====== RECORDS ======

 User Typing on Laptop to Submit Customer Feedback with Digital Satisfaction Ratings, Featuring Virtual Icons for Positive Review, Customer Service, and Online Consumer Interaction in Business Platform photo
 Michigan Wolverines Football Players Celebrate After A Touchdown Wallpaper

======
====== RECORDS ======

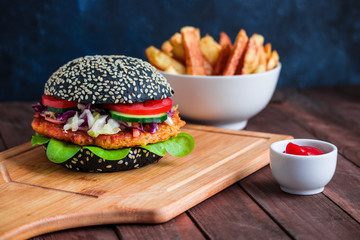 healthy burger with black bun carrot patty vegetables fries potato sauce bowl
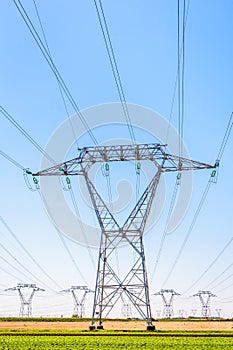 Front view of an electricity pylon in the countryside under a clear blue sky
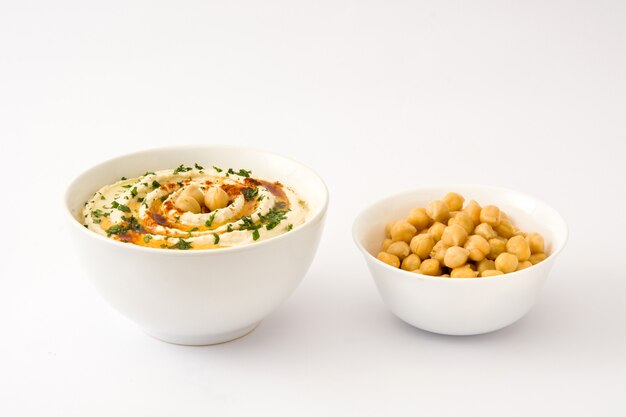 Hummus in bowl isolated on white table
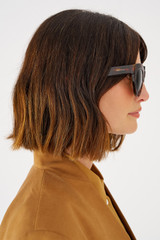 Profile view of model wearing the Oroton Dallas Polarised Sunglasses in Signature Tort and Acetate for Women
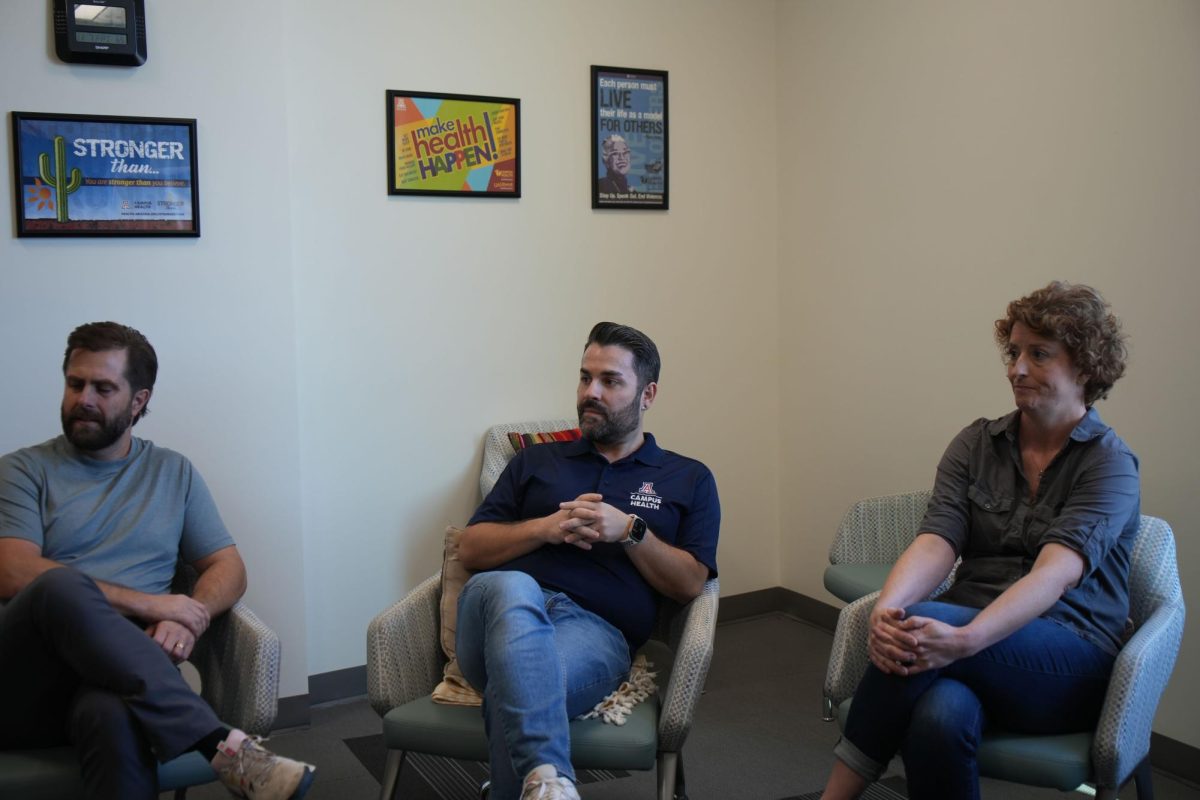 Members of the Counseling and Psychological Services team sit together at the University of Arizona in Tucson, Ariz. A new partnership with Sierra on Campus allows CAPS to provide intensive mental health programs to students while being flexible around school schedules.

======
====== RECORDS ======

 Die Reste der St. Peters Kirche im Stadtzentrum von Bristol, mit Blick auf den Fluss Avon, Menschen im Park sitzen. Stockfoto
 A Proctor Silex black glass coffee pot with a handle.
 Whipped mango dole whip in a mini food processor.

======

# [WHAT YOU HAVE TO DO]
Transcribe only this stretch of the data: the line with "healthy burger with", the line with "Hummus in bowl isolated on white table", and every line in between. Leave out the pictures.

# [ANSWER FOR THIS EXERCISE]
 healthy burger with black bun carrot patty vegetables fries potato sauce bowl
 Front view of an electricity pylon in the countryside under a clear blue sky
 Hummus in bowl isolated on white table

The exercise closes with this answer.